History of Columbia Mill

93.01.40This photo shows the Columbia Mill that was built in 1890, the same year the streetcar tracks were laid starting at Railroad Avenue on Seattle’s waterfront. The street cars came up Washington Street with the aid of a counter balance and then south through the dense forest and marsh lands over wood trestles and dirt fill to Columbia City, along the route that years later would become Rainier Avenue. The developers plan was to cut the trees and convert them to lumber for the homes and businesses to be built on the logged off area. 

The location of the mill was the northwest corner of what is now Rainier Avenue and Brandon Street. The photographer for this photo was looking southeast. One of the first streetcars on the “Rainier Avenue Electric Railway” line can be seen to the left, sitting on the tracks that ran behind the building.

It was the first commercial structure built in the Columbia City area. The gigantic trees taken from the virgin forest in Rainier Valley were equal to any logged-off timber in the state. To the right of the mill can be seen several five to six foot diameter logs, waiting to be made into lumber. Teams of horses were used to drag the logs to the mill. The mill also generated power for the rush hour needs of the car line during peak hours. 

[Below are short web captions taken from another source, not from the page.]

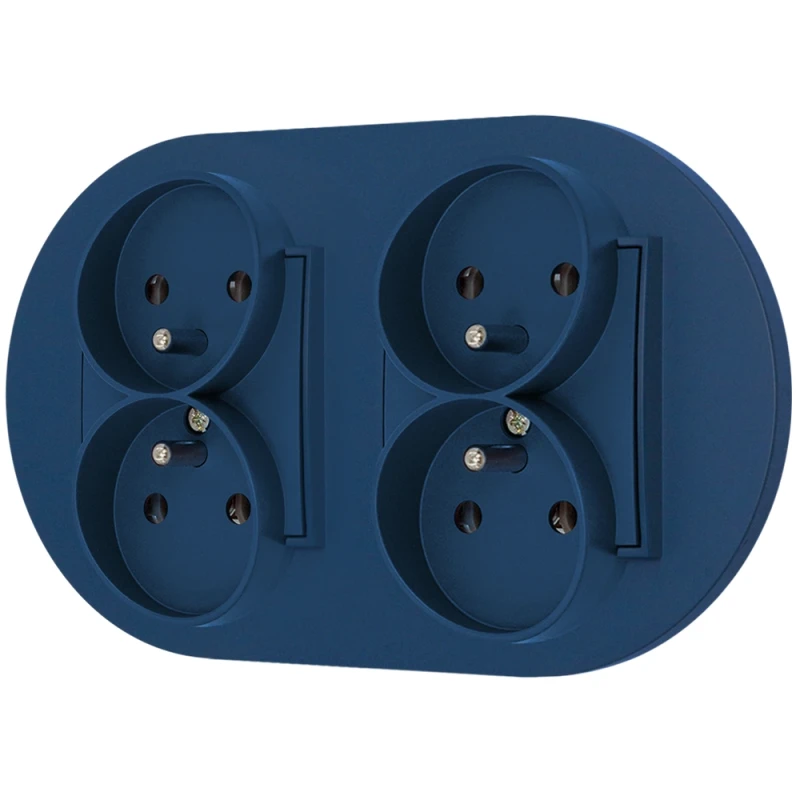 Dwa gniazda podwójne z ramką okrągłą seria MINI kolor navy blue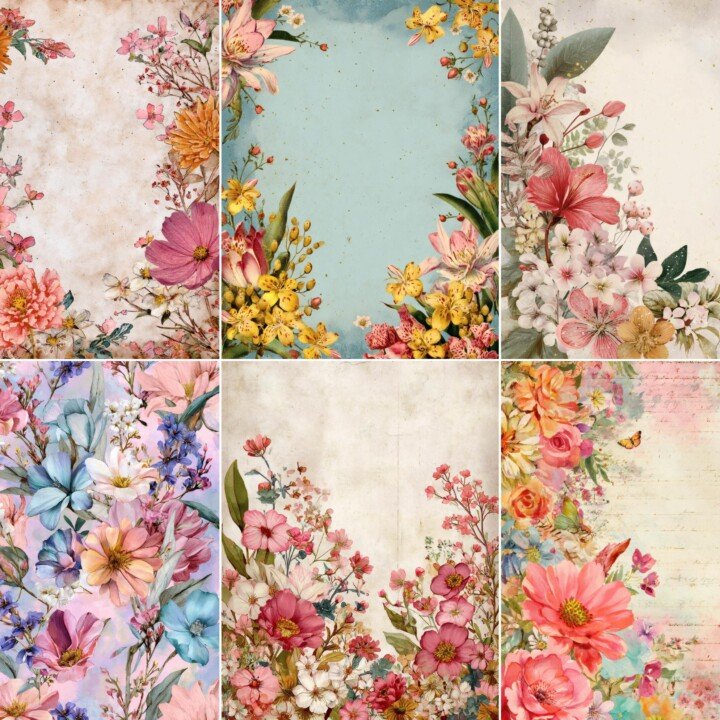whimsical – 48 Whimsical Floral Junk Journal Pages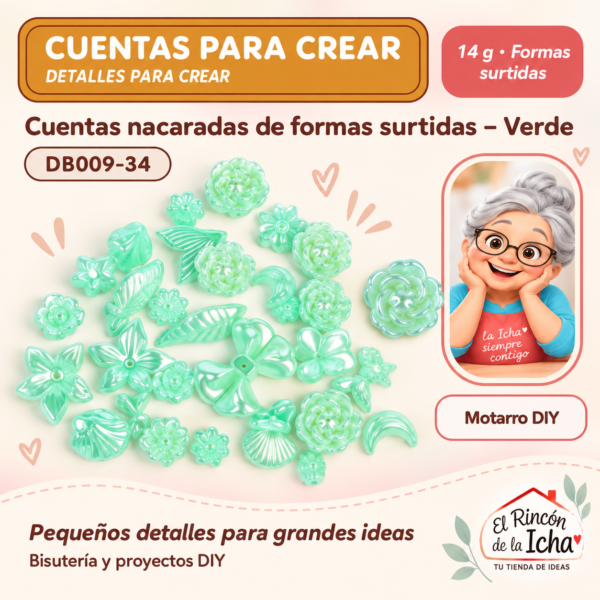 DB009-34 Cuentas nacaradas de formas surtidas – Verde – 14 g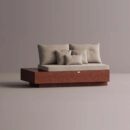 HELIOS LEFT EDGE - Maroon Plain Beige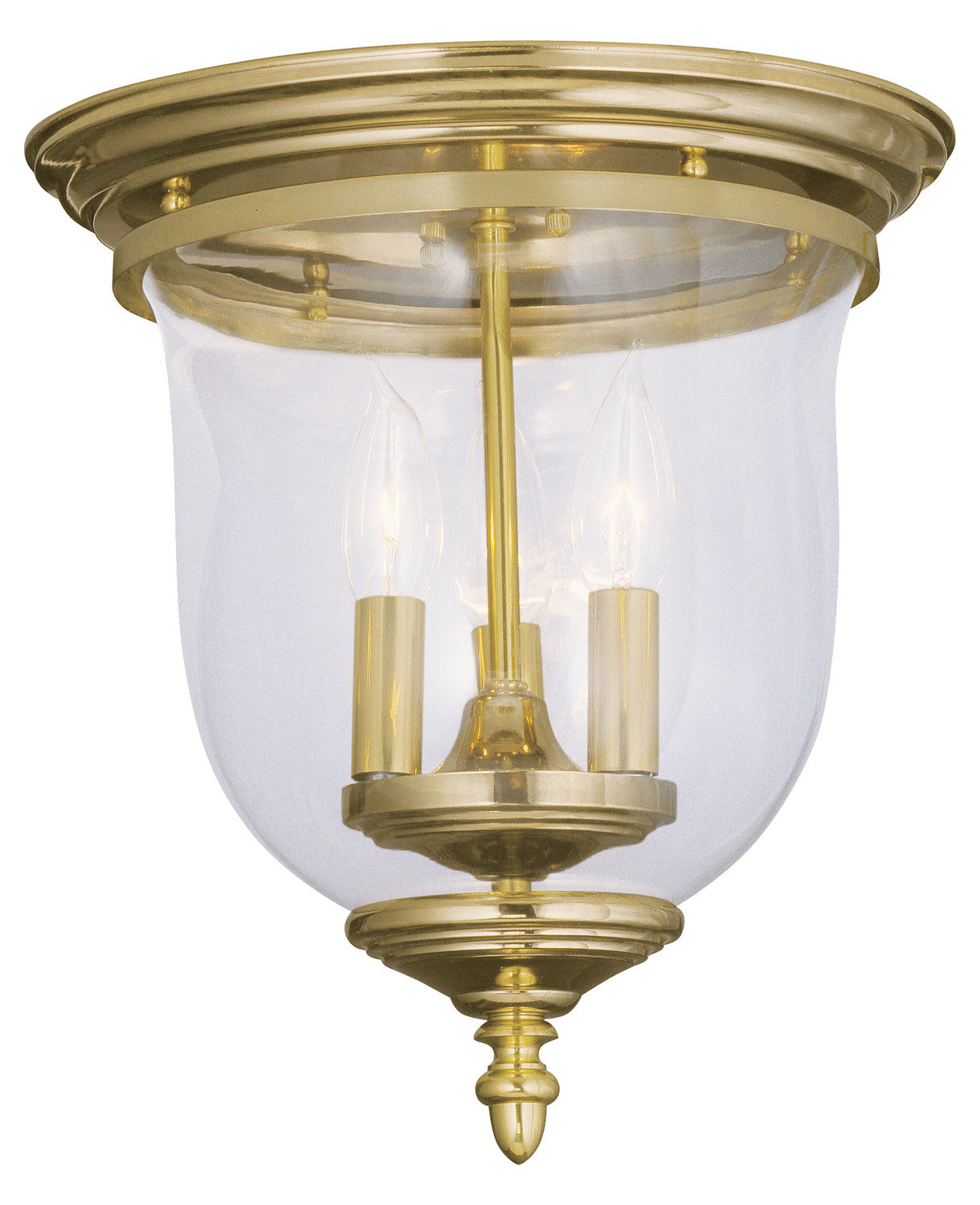3 Light Polished Brass Ceiling Mount by Livex Lighting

The first lots were sold in Columbia City on April 4th, 1891, to those responding to the downtown advertisements telling about lots that sold for $300, with $10 down and payments of $1 dollar a week, with no interest. The $10 down and $1 a month terms were a first for the Seattle area. The trolleys, towing flat cars with benches and a sign saying “Watch Columbia City Grow” were used to bring the potential buyers out to Columbia. There were too many people for the streetcars so some had to walk to Columbia on the muddy wagon road that wound its way around the eastside of Beacon Hill. 

Those first buyers, strangers at first, quickly became friends and organized to form a town council. They elected a mayor and the town marshal and started building the town’s first two buildings, the town hall and the school. 

The above photograph was in the 1915 issue of the “Rainier Valley Citizen Annual”, published by the local newspaper of the same name. The title under this and two other related photographs read: “The hand of commercial man soon after wrought wonderful changes here. Business houses and comfortable homes now stand closely together in the place of this forest.”